Bank Owned Life Insurance: An Overview

Bank Owned Life Insurance (BOLI) is a type of life insurance policy that banks purchase to insure their employees. This type of insurance allows banks to pay for their employee benefits while also building up their own assets. It is a way for financial institutions to protect themselves against any losses that may occur due to the death of employees.

Why Do Banks Need BOLI?

Banks have a significant amount of employees, and it is essential for them to provide employee benefits such as healthcare and retirement plans. Insuring these plans can be expensive, and traditional life insurance policies may not provide enough coverage to meet the bank’s needs. Additionally, banks can use BOLI to offset the costs of employee benefit plans and generate income that can be used to fund other expenses.

According to a survey conducted by the American Bankers Association, 91 percent of banks with more than $2 billion in assets own BOLI policies. Banks that own BOLI policies can access the tax-deferred benefits and generate income through policy loans and withdrawals.

How Does BOLI Work?

When a bank purchases a BOLI policy, it pays the premiums and is named as the beneficiary of the policy. In the event of an employee’s death, the bank receives the death benefit. Banks can use the death benefit to pay for employee benefits or use it to offset any losses that may have occurred due to the employee’s passing. The premiums that banks pay for BOLI policies are tax-deductible and grow tax-deferred over time.

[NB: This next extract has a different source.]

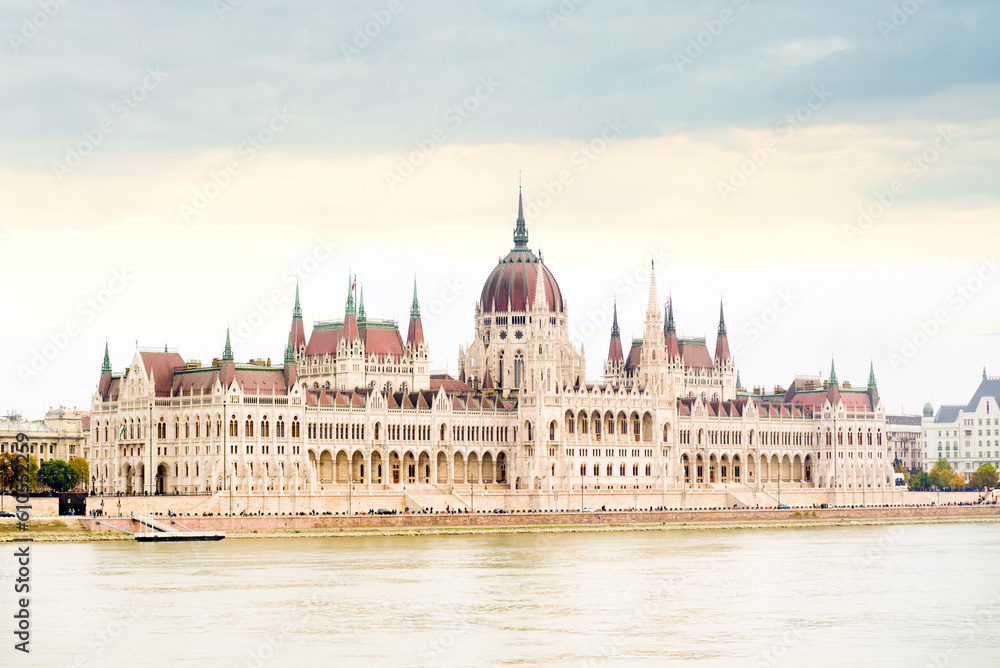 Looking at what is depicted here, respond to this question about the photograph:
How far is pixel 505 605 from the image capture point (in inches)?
2869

Policy Loans and Withdrawals

Banks can also access the cash value of their BOLI policies through policy loans and withdrawals. Policy loans allow banks to borrow money from their policy’s cash value, while policy withdrawals allow banks to withdraw funds from the policy. Banks can use these funds to finance other expenses or invest in other projects. These loans and withdrawals are generally tax-free and can be used to generate more income.

FAQ

Is BOLI a good investment for banks?

BOLI can be a good investment for banks, especially if they have a large number of employees. Banks can use BOLI policies to cover the costs of employee benefits and generate income that can be used to fund other expenses. Additionally, BOLI policies are tax-deferred and provide tax-free policy loans and withdrawals, which can be used to generate more income. However, banks should consult with financial advisors to determine if BOLI is right for their specific needs.

What happens if an employee leaves the bank?

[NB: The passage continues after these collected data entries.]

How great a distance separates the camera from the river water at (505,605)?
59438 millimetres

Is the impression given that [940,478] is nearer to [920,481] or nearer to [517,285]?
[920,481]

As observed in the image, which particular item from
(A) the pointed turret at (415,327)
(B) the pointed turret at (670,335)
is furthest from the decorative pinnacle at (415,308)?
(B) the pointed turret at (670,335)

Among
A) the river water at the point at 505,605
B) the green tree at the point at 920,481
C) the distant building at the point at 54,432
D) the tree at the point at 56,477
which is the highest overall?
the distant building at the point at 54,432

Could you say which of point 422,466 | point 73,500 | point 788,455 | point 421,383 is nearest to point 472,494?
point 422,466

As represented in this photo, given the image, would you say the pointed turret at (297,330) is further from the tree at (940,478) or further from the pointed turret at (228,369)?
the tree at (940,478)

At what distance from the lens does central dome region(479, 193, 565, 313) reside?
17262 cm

When an employee leaves the bank, they no longer have coverage under the BOLI policy. However, banks can continue to pay the premiums on the policy and receive the death benefit if the former employee passes away. Alternatively, banks can sell the policy on the secondary market.

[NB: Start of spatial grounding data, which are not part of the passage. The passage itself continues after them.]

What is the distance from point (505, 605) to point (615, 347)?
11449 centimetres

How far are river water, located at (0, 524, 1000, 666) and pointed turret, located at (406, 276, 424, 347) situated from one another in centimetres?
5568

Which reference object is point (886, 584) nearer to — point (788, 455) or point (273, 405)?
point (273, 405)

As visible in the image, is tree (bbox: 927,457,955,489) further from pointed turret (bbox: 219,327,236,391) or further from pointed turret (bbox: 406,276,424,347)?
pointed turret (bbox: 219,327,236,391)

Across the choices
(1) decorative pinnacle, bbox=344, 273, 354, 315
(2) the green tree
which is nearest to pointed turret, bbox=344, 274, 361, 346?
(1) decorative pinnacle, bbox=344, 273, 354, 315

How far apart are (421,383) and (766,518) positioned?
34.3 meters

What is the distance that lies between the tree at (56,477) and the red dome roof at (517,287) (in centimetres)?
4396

What are the tax implications of BOLI?

The premiums paid for BOLI policies are tax-deductible, and the cash value of the policy grows tax-deferred over time. Additionally, policy loans and withdrawals are generally tax-free. However, banks should consult with tax professionals for further information and guidance on the tax implications of BOLI policies.

Conclusion

BOLI can be a valuable tool for banks to protect themselves against any losses that may occur due to the death of employees. BOLI policies allow banks to pay for employee benefit plans and generate income that can be used to fund other expenses. Additionally, BOLI policies are tax-deferred and provide tax-free policy loans and withdrawals. However, banks should consult with financial advisors and tax professionals to determine if BOLI is right for their specific needs.